There are some cases where our lawyers have had a case of conspiracy to sell drugs dismissed before it is heard in Court. Of course, being imprisoned and having to live with a criminal record can be hard for anybody. It can negatively impact the relationship with loved ones and family and in some cases stop your career in its tracks. Dependents can be left struggling without a decent income to pay for rent, mortgage or food.

We have put together some questions and answers that people in your position will typically ask. The benefit of reading these is that you’ll be far more aware of what’s involved when an offence of this nature has been committed. If you don’t see something you want to know, then get in touch with us as we are always happy to help.

More about conspiracy to sell drugs

It’s important to note that the term ‘conspiracy’, means to agree, and in law, this is interpreted widely. Due to it not being a word that is defined by legislation it can be understood very widely.

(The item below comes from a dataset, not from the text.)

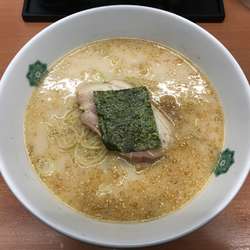 とんこつラーメン　470円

Even making the simplest of agreement noises or being in the wrong place at the wrong time can be interpreted as being in agreement and therefore ‘conspiring’ to commit an offence.

Let’s explore some symbolic acts that are categorised as ‘conspiracy to sell drugs’ so that you can see why your situation may fall into a similar position.

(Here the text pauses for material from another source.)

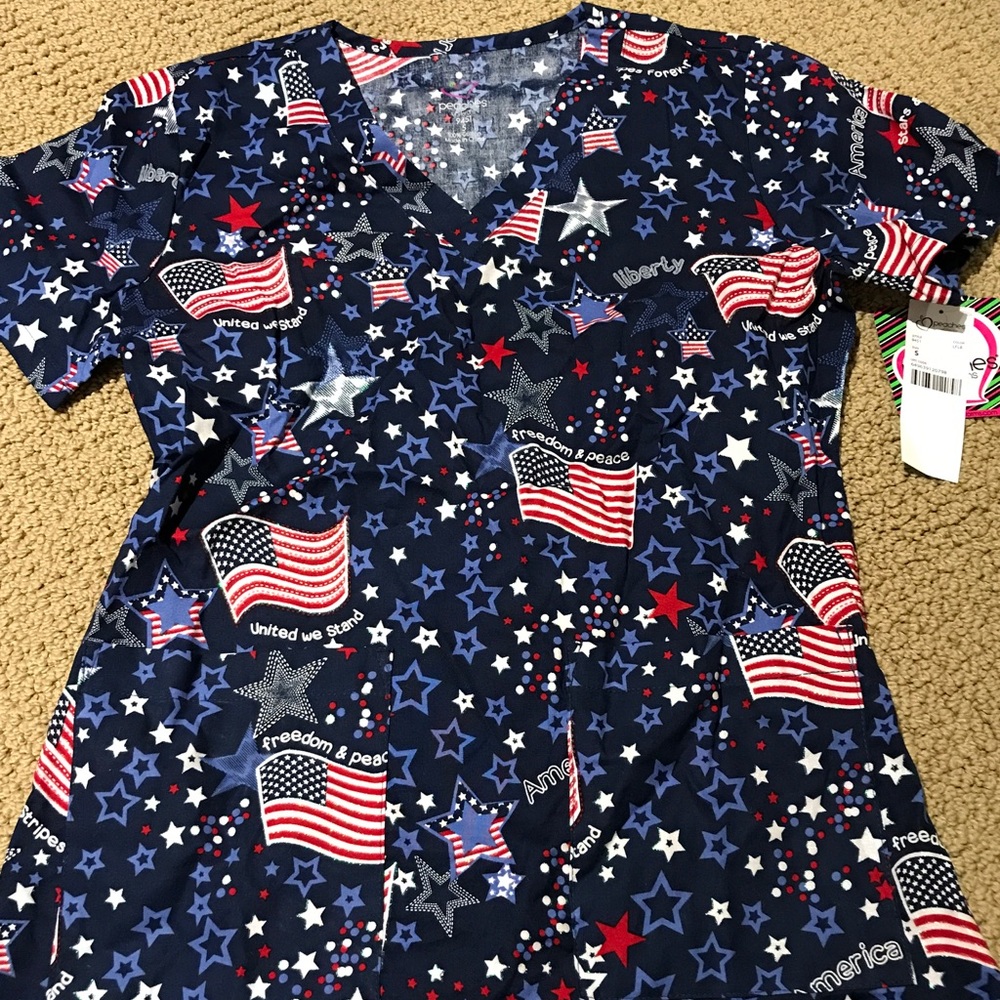 Brand new Americana scrub top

The actions of conspirators that can result in prosecution include:

Driving a car to pick up bags of cannabis – for instance, you drive to Wales and collect a sports holdall of marijuana. The act of driving a vehicle is not an offence; however, the act of managing the pick up of cannabis for you or somebody else to sell is.

Being involved in planning the crime – even if you’re not planning to take part in the crime, the mere act of projecting the misconduct could see you charged with conspiracy.

Participation in the deal – for example, there are many roles you could play in this act. You might be the financier, the financial director, the courier, agent, look-out, go-between or sales manager or work on the division of bulk drugs. Other roles included may be weighing, packaging, pricing or advertising.

It’s not even necessary to have the drugs on you to be prosecuted for the offence of conspiracy to sell drugs. This is why you must seek expert legal help immediately.

What is the average sentence for conspiracy to sell drugs?  

Every drug-related offence, such as the supply, making and selling of drugs, are penalised heavily by the courts. Sentences can be extended to as much as life imprisonment. There may also be other conditions applied such as payment of a fine, depending on what happened, what your role was and what the outcome of the crime was.

Even having drugs on your person can lead to a sentence that is as long as seven years in prison plus payment of an unlimited fine.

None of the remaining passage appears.